Acute liver failure (ALF) is a rare and specific form of severe hepatic dysfunction characterized by coagulopathy and hepatic encephalopathy in a patient with no known liver disease. ALF carries a high morbidity and mortality. Careful attention should be given to hemodynamics and metabolic parameters along with the active surveillance of infections. Timely transfer and supportive management are important in an intensive care unit in a liver transplant center. Identifying patients who will and will not improve with medical management and may need emergent liver transplantation is critical.

  • liver disease
  • hepatic encephalopathy
  • acetaminophen
  • fulminant hepatitis
  • intensive care

1. Causes of Acute Liver Failure

Drug-induced liver injury (DILI) is the primary cause of ALF in the United States of America (USA), Europe, and Australia, while acute hepatitis A virus (HAV), hepatitis B virus (HBV), and hepatitis E virus (HEV) are the primary causes in Asia and Africa [1][2]. Acetaminophen is the most common medication associated with ALF and is responsible for 45.7% of ALF cases in North America, and 65.4% in the UK [3]. In Europe, it is reported that 8% of all liver transplantations (LT) are performed due to ALF, and of those ALF cases, 19% are caused by viral hepatitis, 18% by DILI, 4% have toxic causes, 3% have traumatic or post-operative ALF, while 56% have unknown or other causes [4]. In India, viral hepatitis (HAV, HBV, HEV) is the primary cause of ALF, followed by DILI, mainly due to antituberculosis drugs [5][6]. In China, traditional Chinese medicines, herbal and dietary supplements, and antituberculosis drugs have been identified as the leading causes of DILI [7].

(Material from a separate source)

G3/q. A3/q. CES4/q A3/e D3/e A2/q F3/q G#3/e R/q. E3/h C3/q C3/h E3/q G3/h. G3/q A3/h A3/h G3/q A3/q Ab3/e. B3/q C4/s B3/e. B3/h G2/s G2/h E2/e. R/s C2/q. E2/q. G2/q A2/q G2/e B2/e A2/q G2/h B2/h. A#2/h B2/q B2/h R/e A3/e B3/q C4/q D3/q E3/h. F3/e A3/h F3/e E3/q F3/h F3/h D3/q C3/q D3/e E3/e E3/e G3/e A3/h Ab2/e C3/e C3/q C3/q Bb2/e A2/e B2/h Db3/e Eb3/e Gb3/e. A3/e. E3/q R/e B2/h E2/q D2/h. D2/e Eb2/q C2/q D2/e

Liver injury caused by acetaminophen overdose is usually characterized by extreme hepatocellular pattern liver transaminase elevations with normal or slightly increased bilirubin levels within 8–12 h of excess acetaminophen intake, and often progresses rapidly to multiorgan failure and coma. Multiorgan failure with acetaminophen overdose is due to an initial massive proinflammatory response causing systemic inflammatory response syndrome (SIRS) and a compensatory anti-inflammatory response leading to immune cell dysfunction [8]. Lactic acidosis, acute kidney injury (AKI), hypoglycemia, and hypophosphatemia can also be seen in patients with ALF due to acetaminophen overdose. Severe metabolic acidosis may require renal replacement therapy (RRT) in certain patients. Other causes of metabolic acidosis such as salicylates, tricyclic antidepressants, or methanol overdose should also be investigated.

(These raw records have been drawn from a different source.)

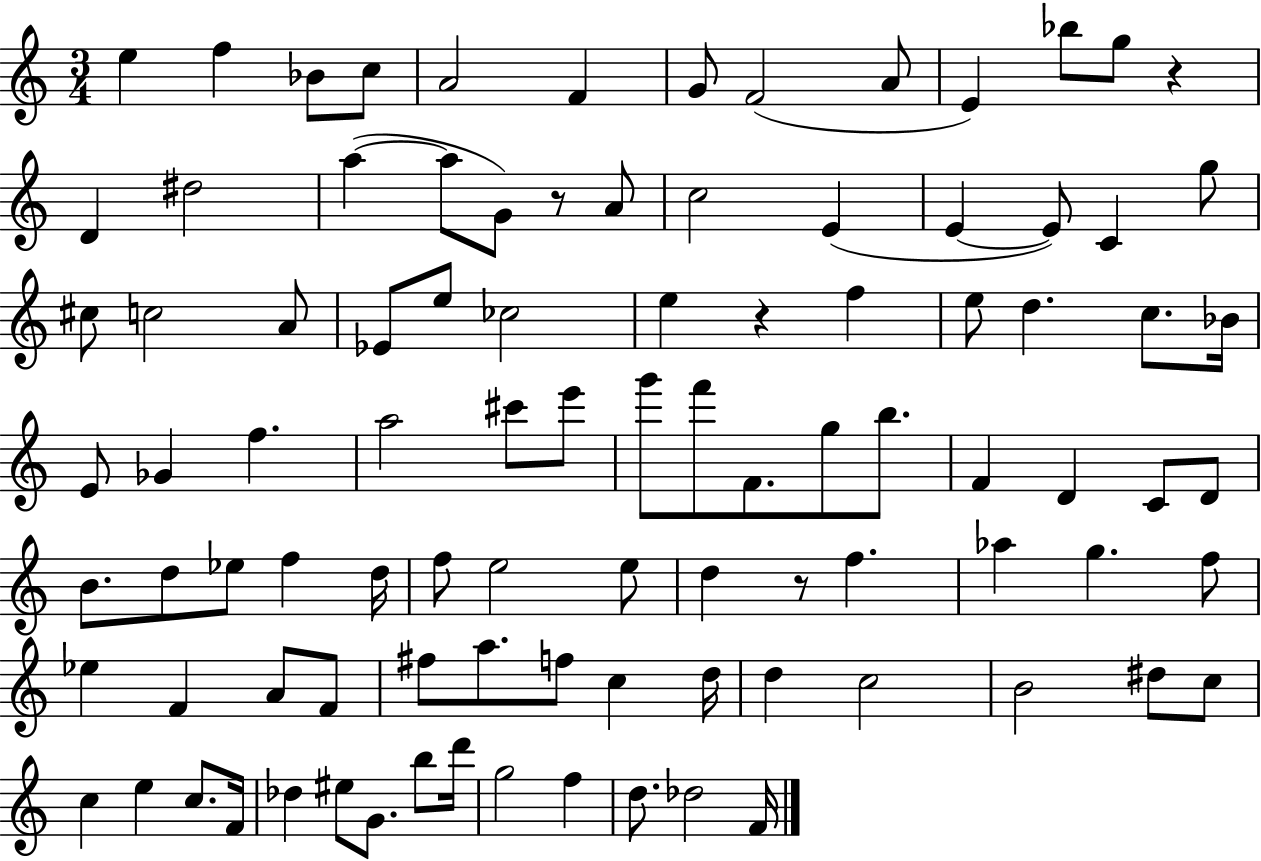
X:1
T:Untitled
M:3/4
L:1/4
K:C
e f _B/2 c/2 A2 F G/2 F2 A/2 E _b/2 g/2 z D ^d2 a a/2 G/2 z/2 A/2 c2 E E E/2 C g/2 ^c/2 c2 A/2 _E/2 e/2 _c2 e z f e/2 d c/2 _B/4 E/2 _G f a2 ^c'/2 e'/2 g'/2 f'/2 F/2 g/2 b/2 F D C/2 D/2 B/2 d/2 _e/2 f d/4 f/2 e2 e/2 d z/2 f _a g f/2 _e F A/2 F/2 ^f/2 a/2 f/2 c d/4 d c2 B2 ^d/2 c/2 c e c/2 F/4 _d ^e/2 G/2 b/2 d'/4 g2 f d/2 _d2 F/4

Less than 1% of the patients with HAV infection develop ALF, and ALF is mainly seen in elderly patients, who generally have a worse prognosis. Overall, ALF due to HAV has a good prognosis with 70% spontaneous or transplant-free survival (4). HBV is the most common viral cause of severe ALF due to either de novo infection, reactivation in a patient with previous HBV infection, or delta superinfection [9]. Less than 4% of patients with acute HBV develop ALF. Mortality rates for ALF due to HBV are higher than for ALF due to HAV or HEV infections. Acute hepatitis C virus (HCV) infection very rarely progresses to ALF. Herpes simplex virus 1 and 2 (HSV1, HSV2) and varicella-zoster virus (VZV) are rare causes of ALF, and are more commonly seen in immunosuppressed patients; however, ALF may occur in immunocompetent patients. Epstein–Barr virus (EBV) and cytomegalovirus (CMV) nucleic acid tests should be performed in patients with no clear etiology. Skin or mucous membrane vesicles may be seen with HSV.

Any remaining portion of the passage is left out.